Ça se passe souvent comme ça.
Le dimanche, c'est le jour où Dieu lui-même a décidé qu'on devait glander...ce qui implique de tirer des grasses matinées presque aussitôt suivies de siestes, au mieux entrecoupées d'intervalles passés devant les documentaires de Planète avec un niveau d'activité cérébrale proche de zéro.
Après tout ce repos, en fin de dimanche, en presque lundi, on ne dort pas. Je ne dors pas en tous cas. Alors je m'offre la nuit.

Dans ces moments, me revient invariablement le même air, entendu maintes fois durant ces après-midis où je squattais les disques de mon oncle (mon maître à vie en matière de mélomanie), cet obsessionnel de Bashung :
On m'a vu dans le Vercors...Sauter à l'élastique...Voleur d'amphores...Au fond des criques
Je peux l'écouter en boucle, on dirait que je n'entends rien d'autre que "nuit"

La nuit je mens, je prends des trains à travers la plaine...La nuit je mens, je m'en lave les mains.

J'ai dans les bottes des montagnes de questions où subsiste encore ton écho

Car dans ces nuits qui arrivent sans prévenir et où on ne trouve pas le sommeil, c'est vrai qu'on prend des trains, à travers de vastes plaines. Celles de notre imaginaire, de notre mémoire, de notre mental.

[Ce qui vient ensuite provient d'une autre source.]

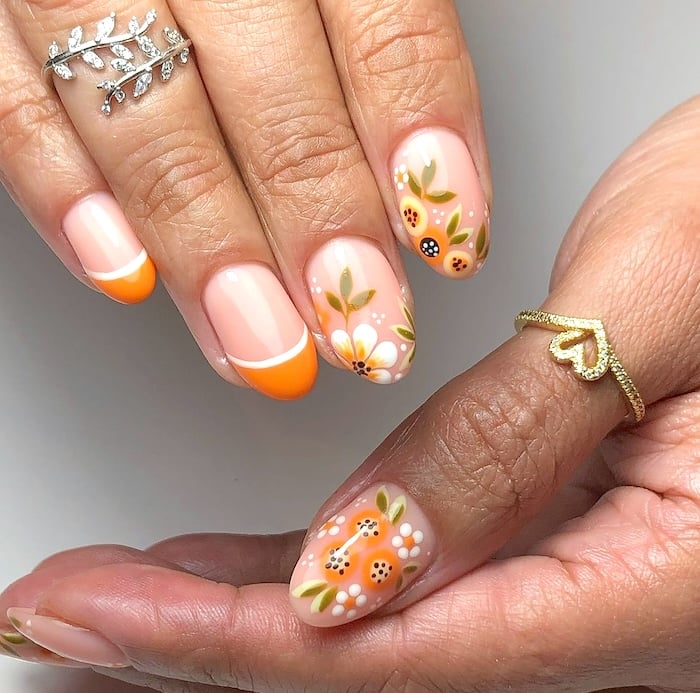 Orange floral May nails.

La nuit est perçue par beaucoup comme le siège des tréfonds, de l'obscurité qui éveille la peur, des mythes qu'on croirait inventés rien que pour faire peur aux enfants et leur fournir un semblant de bien-fondé sur pourquoi ils doivent aller dormir. On parle de la mort comme la nuit de la vie, aussi.
Pourtant, la nuit n'est qu'un passage, entre la fin d'une chose et le début de la suivante. Elle est un moment de grand calme, où la vie se ressource, où l'esprit le peut aussi. C'est un spectacle enivrant, de palper la fin du jour, de pratiquer la nuit et d'assister au redémarrage du lendemain. Ne pas avoir dormi pendant ce temps, sans que ce soit pour cause de beuverie aggravée, me donne à chaque fois l'impression de renaître.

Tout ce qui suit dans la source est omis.